TASK TO COMPLETE: Your reply must contain the lines from the one with "Mickey 男の子 女の子" through the last line of the material, exact and complete, with no pictures and no other text.

----- SOURCE MATERIAL

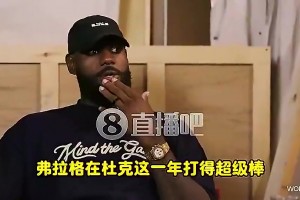 老詹此前：弗拉格有我當(dāng)年沒有的優(yōu)勢，一來就是成熟球隊+名人堂隊友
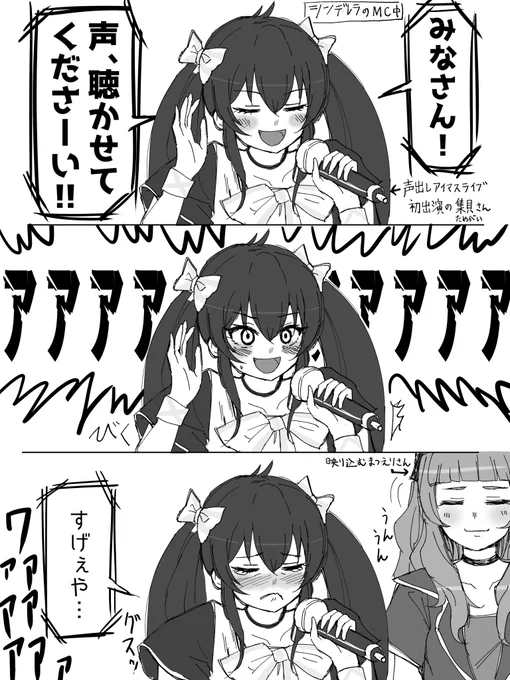 MOIW2023の思い出 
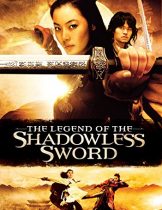 Shadowless Sword (2005) ตวัดดาบให้มารมากราบ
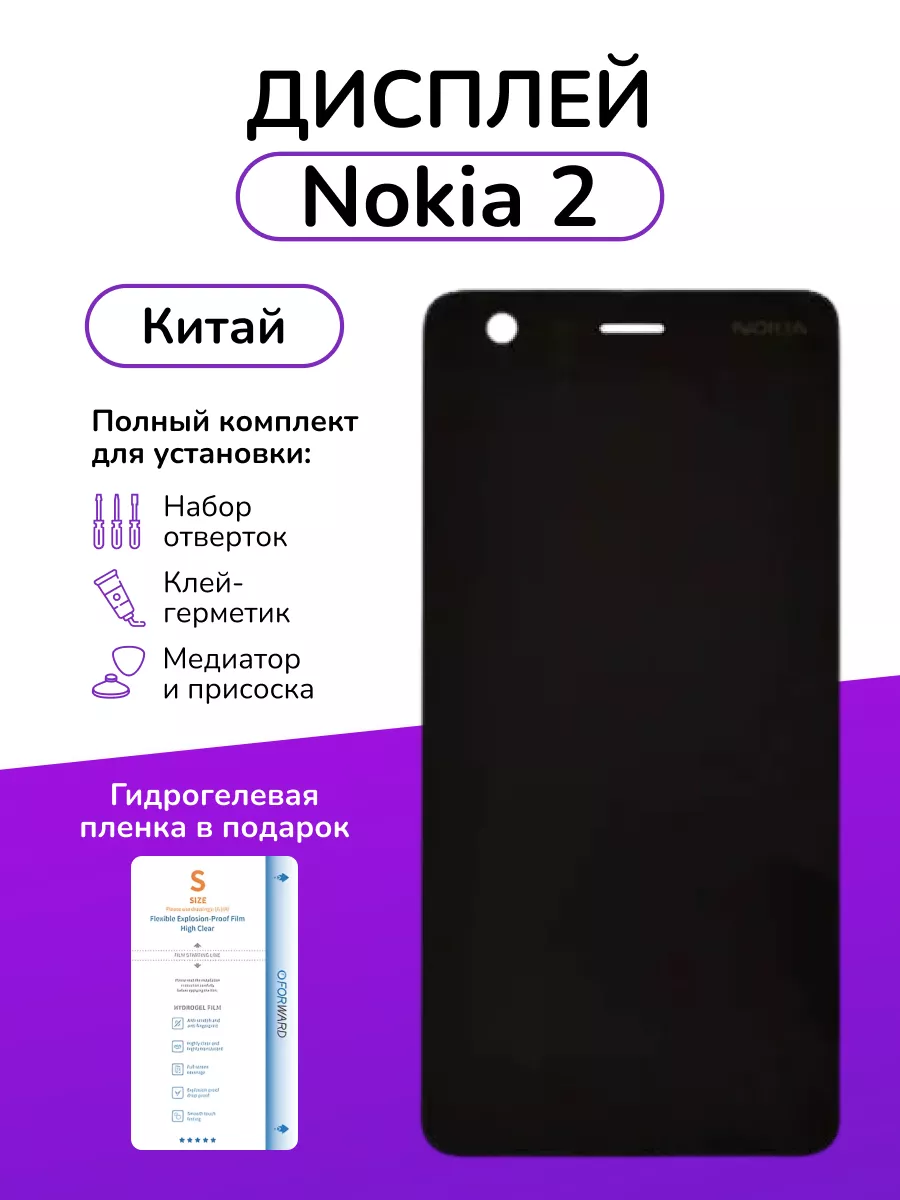 Дисплейный модуль Nokia 2 Китай Zabelina купить по цене 2 123 ₽ в  интернет-магазине Wildberries | 169029009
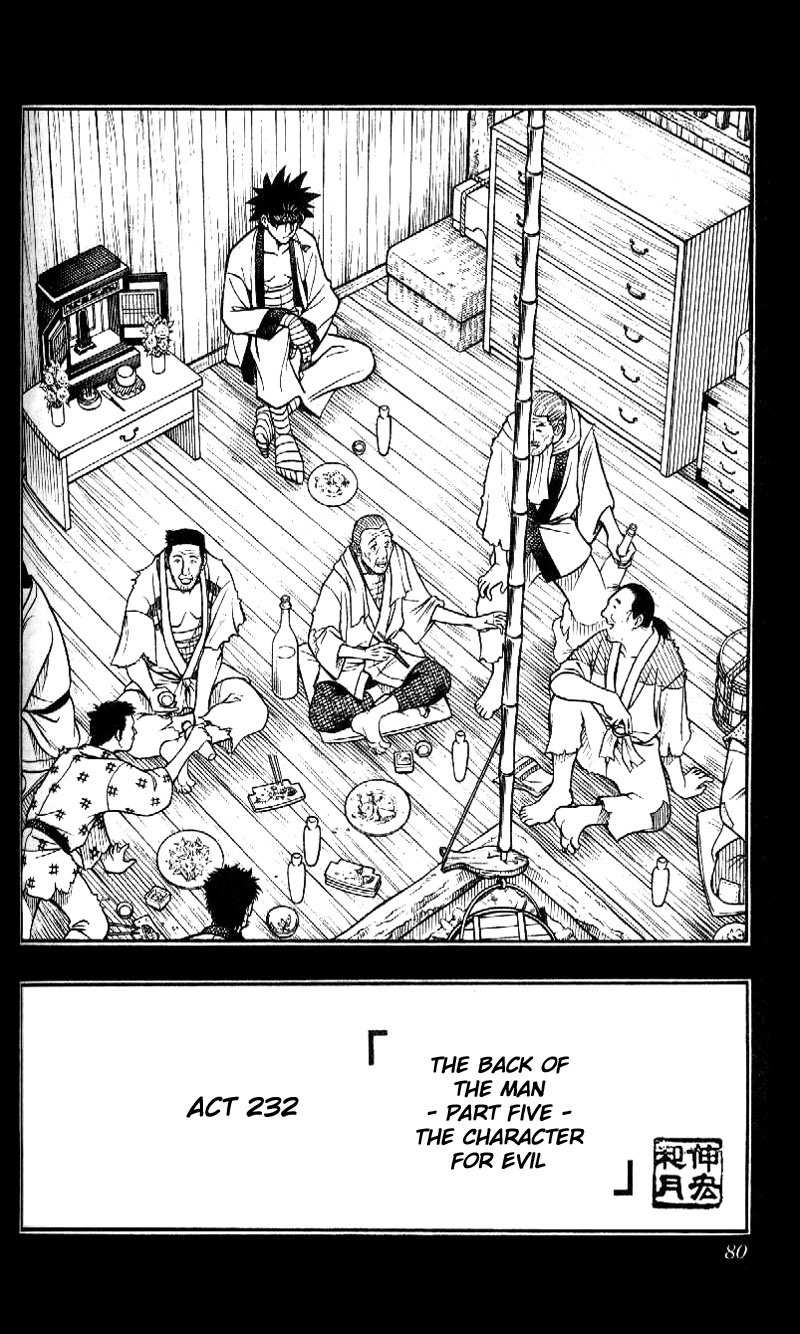 Rurouni Kenshin Chapter 232 page 3 - Chapter 232: A Man's Back 5: Character of Evil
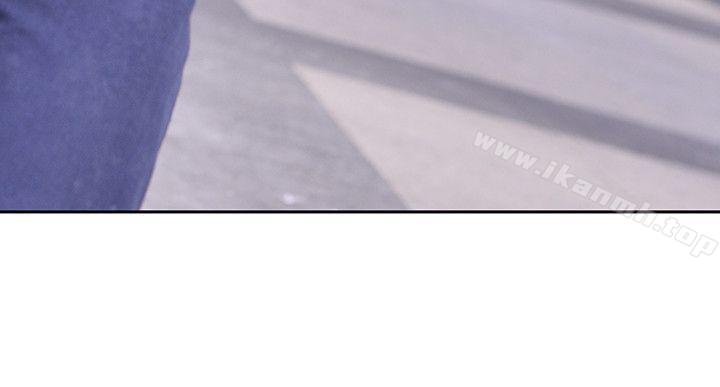 家有色鬼（真人漫画）最终话-达阵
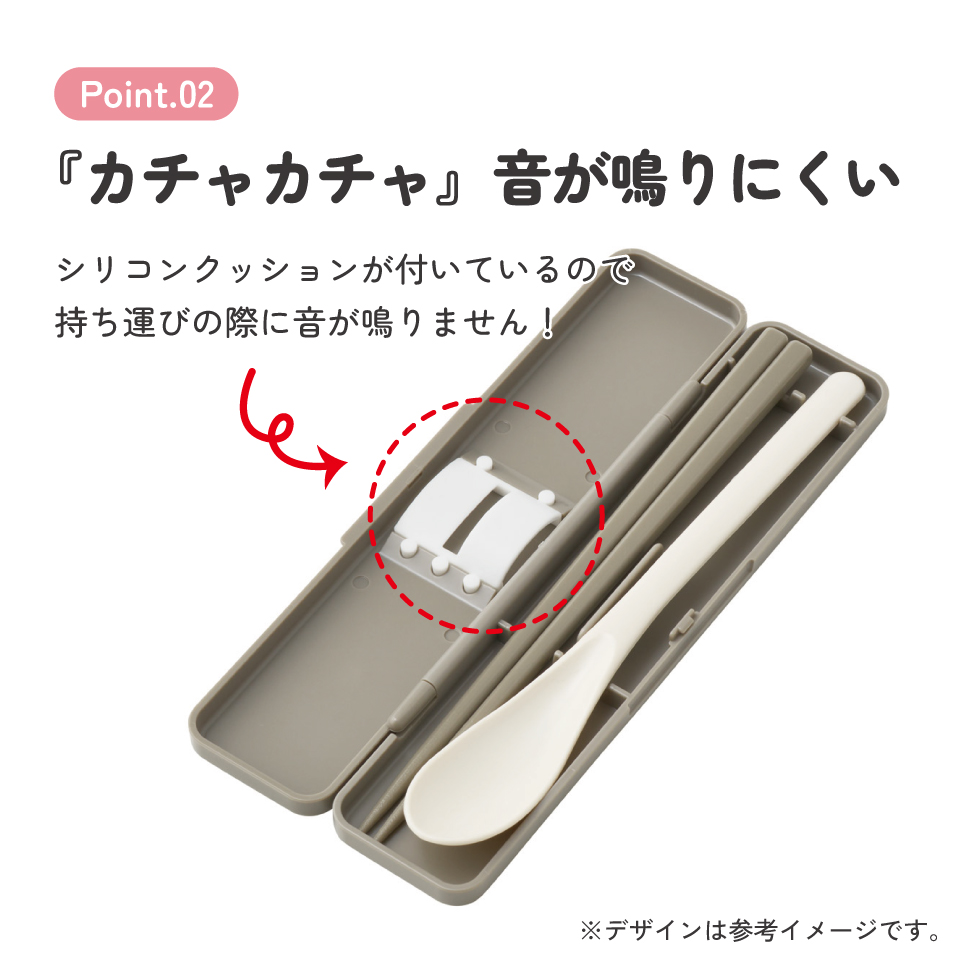 【メール便対象品】 スケーター お箸&スプーン コンビ セット 箸 はし スプーン カチャカチャ音が鳴らない skater CCS3SA ミッキーマウス ミッキー Mickey 男の子 女の子
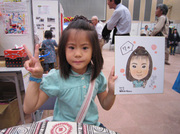 2010100901.JPG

----------

ANSWER SPACE:
 【メール便対象品】 スケーター お箸&スプーン コンビ セット 箸 はし スプーン カチャカチャ音が鳴らない skater CCS3SA ミッキーマウス ミッキー Mickey 男の子 女の子
 2010100901.JPG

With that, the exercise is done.